Image-text web data:
=== Begin Enclosure ===
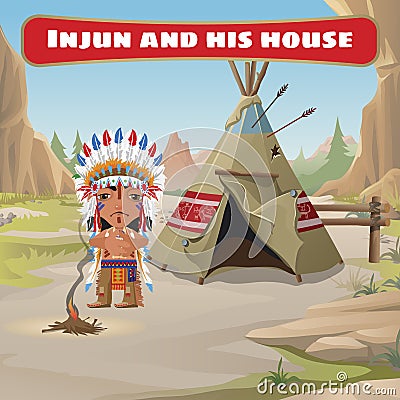 The leader of the Indians with tepee Vector Illustration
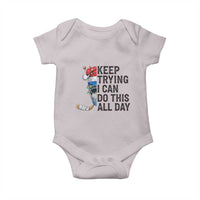 Keep Trying I Can Do This All Day Baby Onesie Ice Hockey Helmet Christmas Gift - Wonder Print Shop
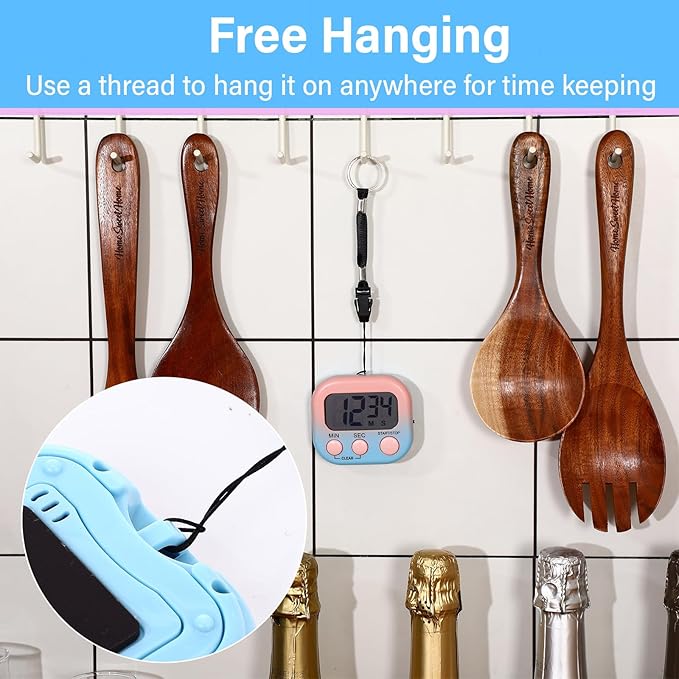 Weewooday 24 Pcs Digital Kitchen Timer Magnetic Timer Bulk On/Off Switch Minute Second Count up Countdown Loud Alarm for Exercise Cook Baking (Gradient Color) - Image 5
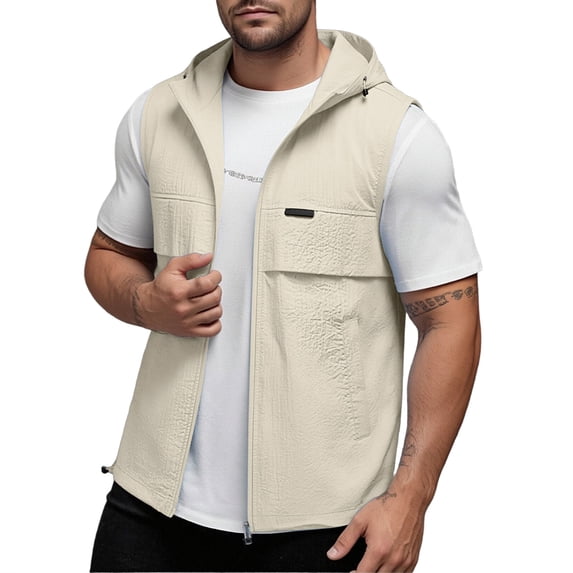 Men's Vest Jackets Sleeveless Hooded Zipper Cardigan Tops Summer Fall Solid Color Sports Hoodies Outdoor Casual Workout Outwears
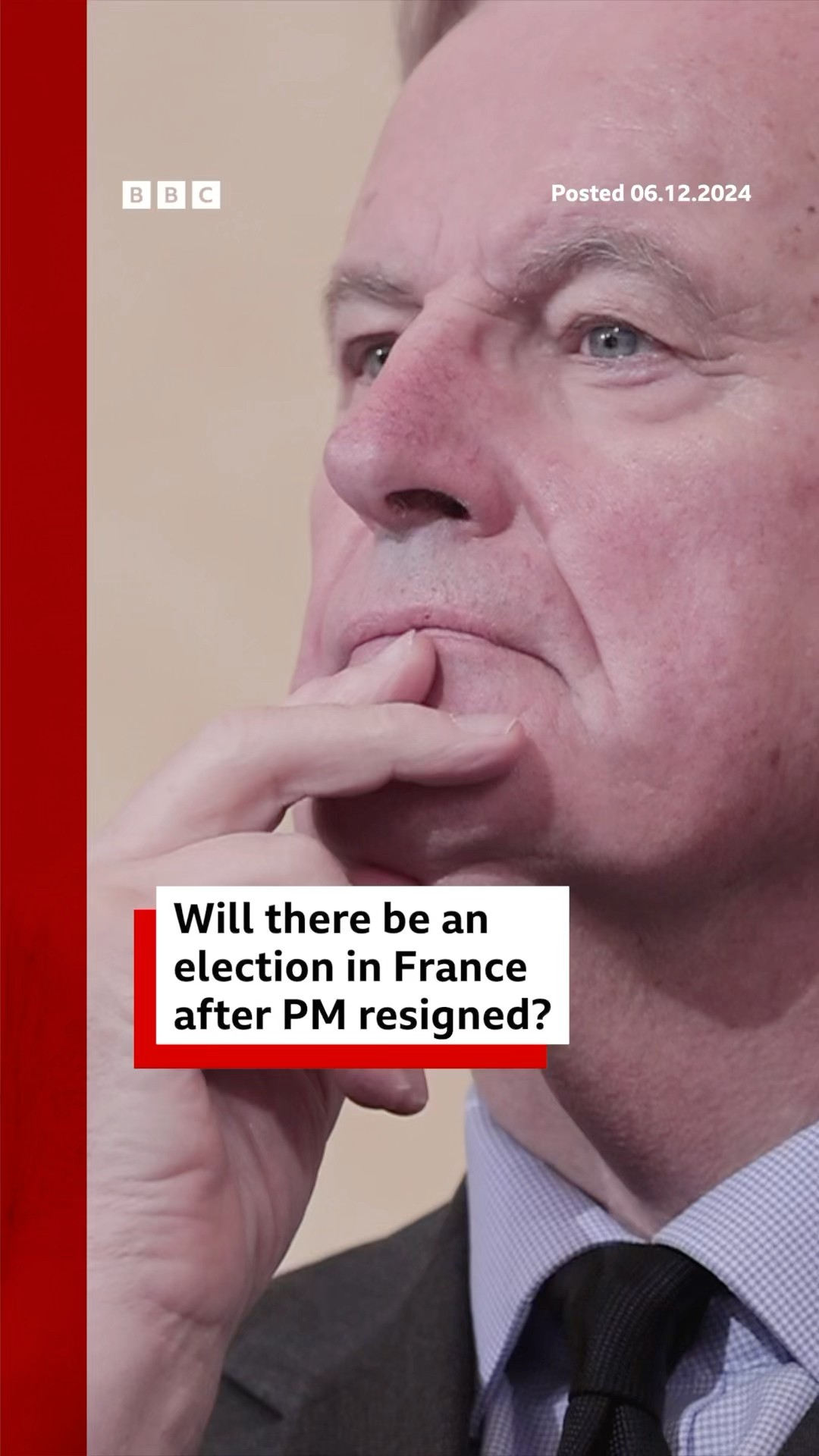 Michel Barnier resigned following a no-confidence vote in parliament. #BBCNews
=== End Enclosure ===
Problem requirements: Take the line containing "Keep Trying I" and all lines after it to the end of the data above, and reproduce them exactly, leaving out pictures. Nothing else belongs in the copy.

Completed task:
 Keep Trying I Can Do This All Day Baby Onesie Ice Hockey Helmet Christmas Gift - Wonder Print Shop
 Weewooday 24 Pcs Digital Kitchen Timer Magnetic Timer Bulk On/Off Switch Minute Second Count up Countdown Loud Alarm for Exercise Cook Baking (Gradient Color) - Image 5
 Men's Vest Jackets Sleeveless Hooded Zipper Cardigan Tops Summer Fall Solid Color Sports Hoodies Outdoor Casual Workout Outwears
 Michel Barnier resigned following a no-confidence vote in parliament. #BBCNews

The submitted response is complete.